As both were striving to break Babe Ruth's single-season home run record in 1961, the media tried their best to paint Roger Maris and Mickey Mantle as rivals more than teammates. In fact, it seems that each got along with the other despite the pressure on them both.
In addition, it seems unlikely that Maris would have been able to hit 61 home runs that year if it hadn't been for Mantle. Here's why:
The1961 season changed Maris's life – and major league baseball – forever. His much-chronicled chase of Babe Ruth's 47-year-old home run record brought baseball unprecedented media attention, particularly as Mantle – the media darling in this drama – was pursuing Ruth's record right along with Maris.

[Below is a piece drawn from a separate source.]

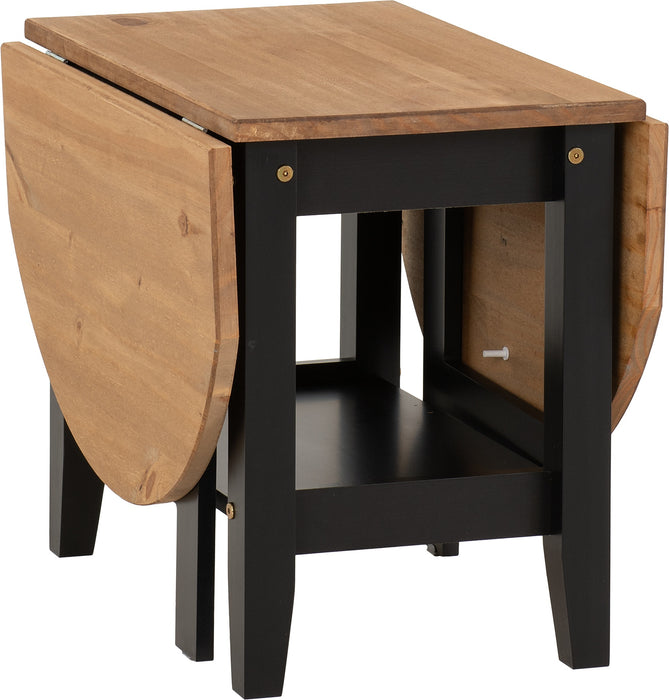 Santos Drop Leaf Coffee Table - Black/ Distressed Waxed Pine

A late-season illness felled the Mick and caused him to miss critical late-season games that ultimately cost him any chance of catching Ruth's ghost. Yet Mantle finished the year with 54 home runs.

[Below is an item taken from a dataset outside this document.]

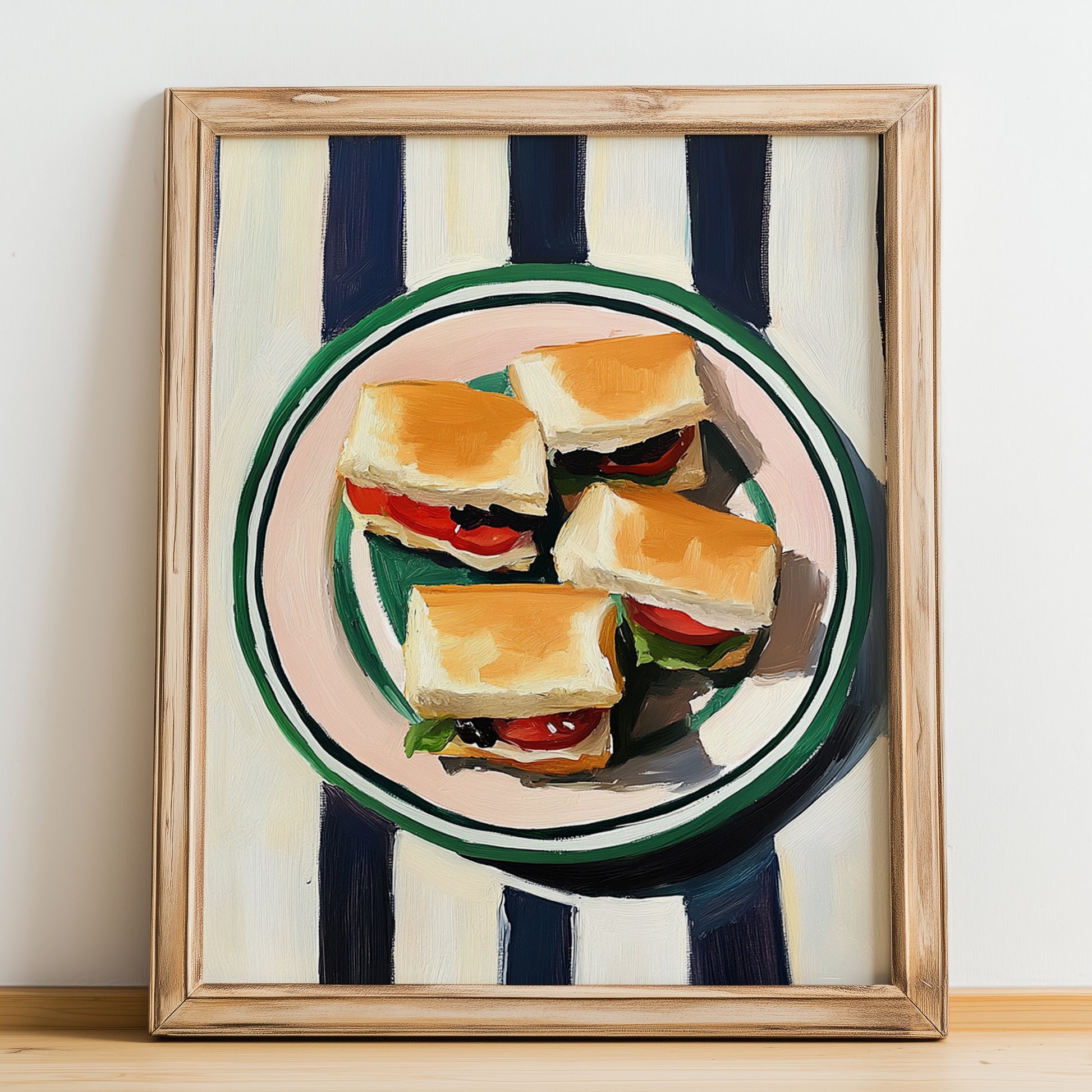 Mini Sandwiches – on Striped Tablecloth, British Food Wall Art, no-text version framed in wood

Despite the mounting media pressure, as well as verbal and even physical abuse from "fans," including death threats, Maris hit home run #61 on the last day of the 1961 season, breaking the unbreakable record and setting one that would stand for 37 years.
But here's the amazing thing about that season, and Mantle's essential role in Roger Maris's accomplishment. During the season – which turned out to be a second straight MVP campaign for Maris – the Yankees' right fielder did not receive even a single intentional walk. In 590 official at-bats, the most prolific home run hitter for that season (or any other season before 1961) was not issued a single free pass to first base. There could be only explanation, and that was that the guy hitting behind Roger Maris was Mickey Mantle.
So there would be little to gain by walking Maris and sending him around the bases on a Mantle home run. That pitching strategy would be one run more "expensive" than giving up a home run to Maris. Maris was consistently allowed to see the kind of pitches he could pull into the right field seats. And Mantle's greatness took on another layer: for that one season at least, Mickey Mantle proved to be just as dangerous in the on-deck circle as he was in the batter's box.